Our group focused on developing materials for energy-related applications, emphasizing energy storage and thermal electricity. We used nano crystals as building blocks, or precursors for constructing the microscopic materials. And we investigate the transformation the nano crystals undergo into whole solids, aiming to enhance performance, and by understanding and controlling the properties derived from the nanoscale features.
In particular, for thermal electric materials, we focused on defect control. Developing thermoelectric materials via solution processing involves numerous challenges. One, mitigating oxidation due to the nanoparticles'high surface to volume ratio.
Reproducibility, due to the complexity of the process. And three, dealing with volatile species to ensure stability. Addressing and understanding these challenges is crucial for enhancing thermal electric materials efficiency for practical applications.
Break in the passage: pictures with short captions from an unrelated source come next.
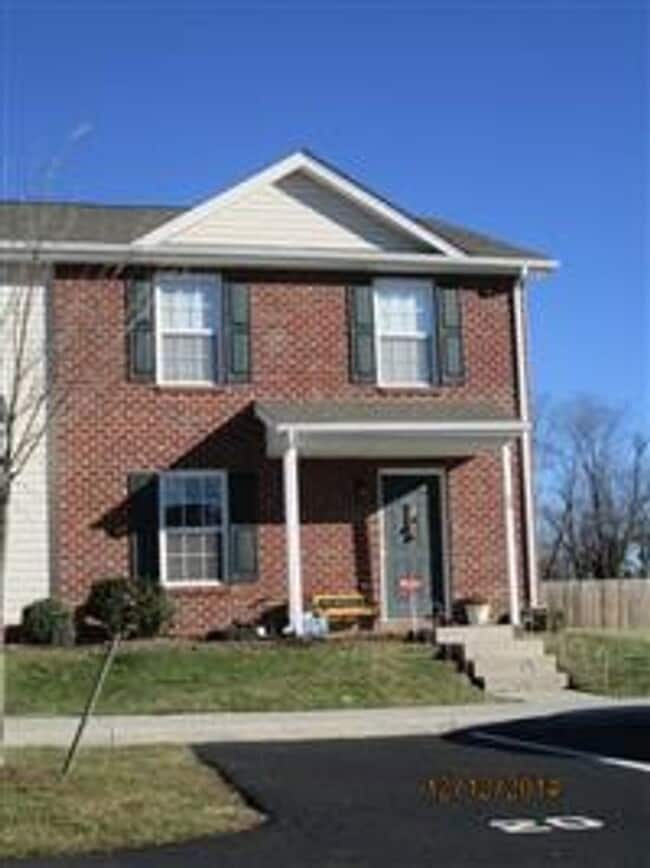 Building Photo - 10 Salem Ln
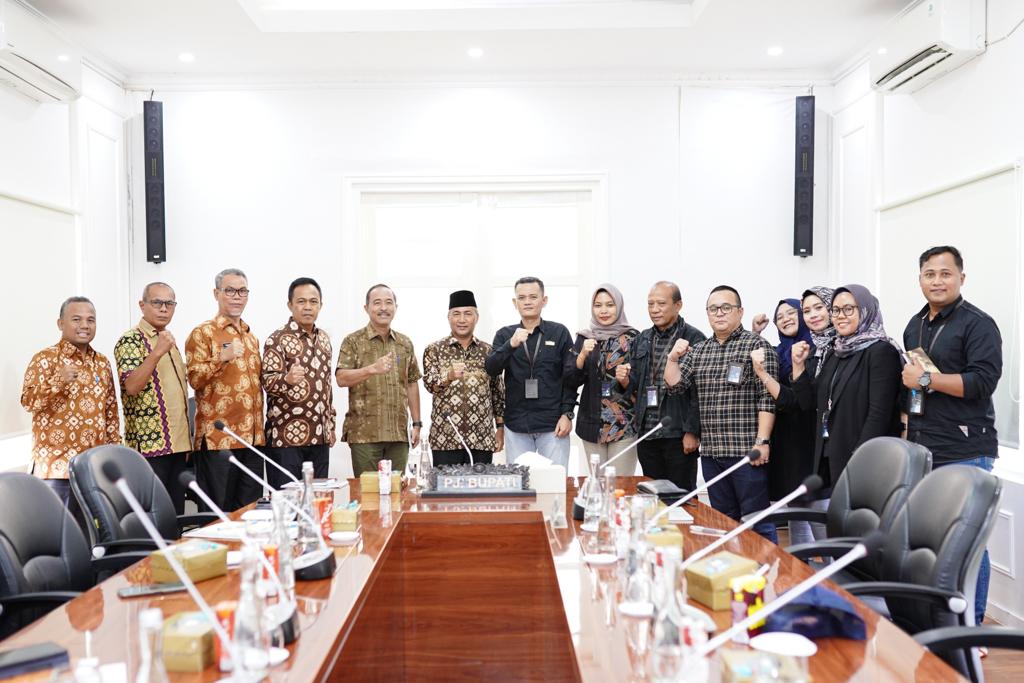 Pj Bupati Muba, Apriyadi menerima kunjungan pimpinan PT PNM di kantor Perwakilan Pemkab Muba di Palembang, Jumat (7/7/2023). Foto : Sumselheadline/Fer
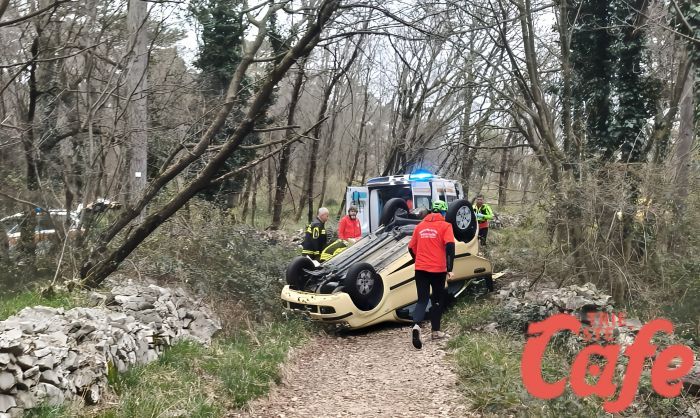 Contovello, auto si cappotta: donna triestina del 1949 soccorsa in gravi condizioni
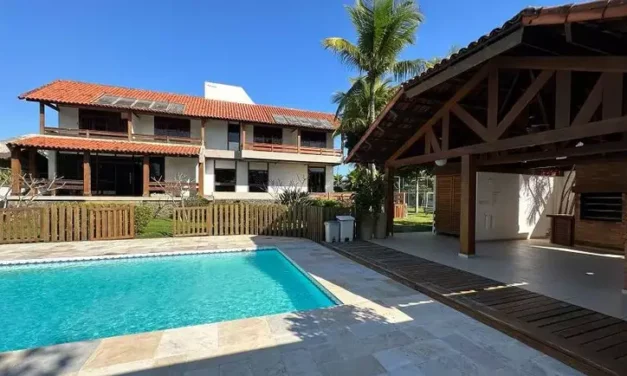 Pais de Larissa Manoela reduzem preço de mansão em R$ 3,5 milhões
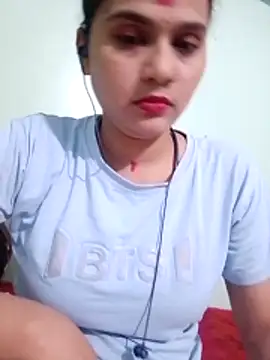 Snapshot of Kavya-Tiwari chatting on 06/20/26, 04:54 Kavya-Tiwari online show from 06/20/26, 04:54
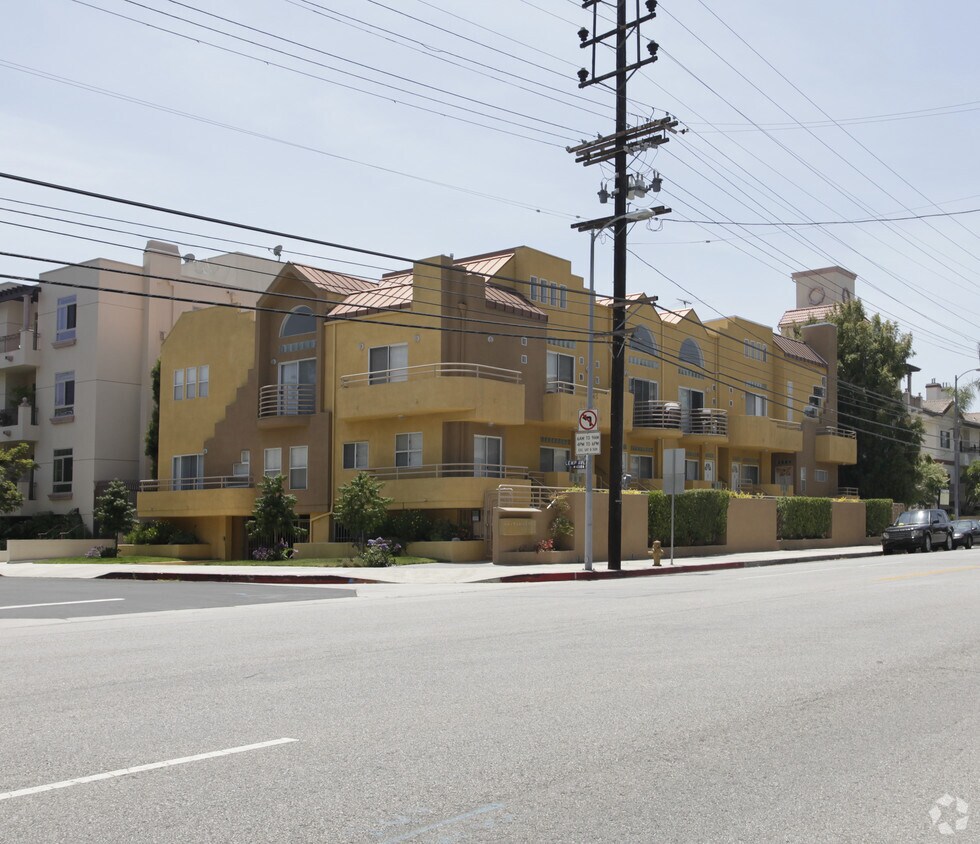 11570 Moorpark St, Studio City, CA 91602 Apartments in Studio City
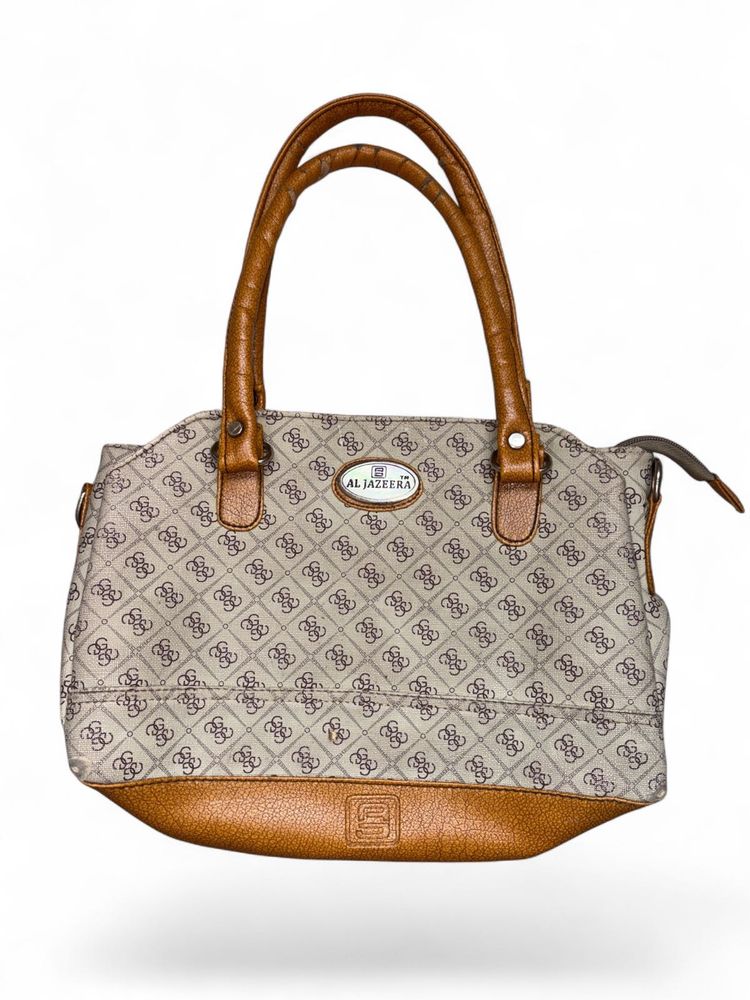 Chic Al Jazeera Shoulder Bag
Our research advanced cost-effective solution-processed thermal electric materials, by fine-tuning nanoparticle properties and their organization. We are uncovering the chemistry involved in the whole process, from the nanoparticle synthesis to the final consolidation. And currently, we are focused on how surface species or affect materials microstructure, and hence their performance.
We enhanced thermoelectric performance through the utilizing solution process surface engineered particles, significantly reducing the thermal conductivity by micro structural tuning and the introduction of defects. This approach also is advantageous, because it uses inexpensive precursors, low temperatures, and also, we use water as a solvent. We found that certain molecules absorb at the particle surface and restrict grain growth.
Now, we are trying to rationalize how different surface species affect microstructure and hence transport properties, based on their composition, chemical instability, and bonding nature.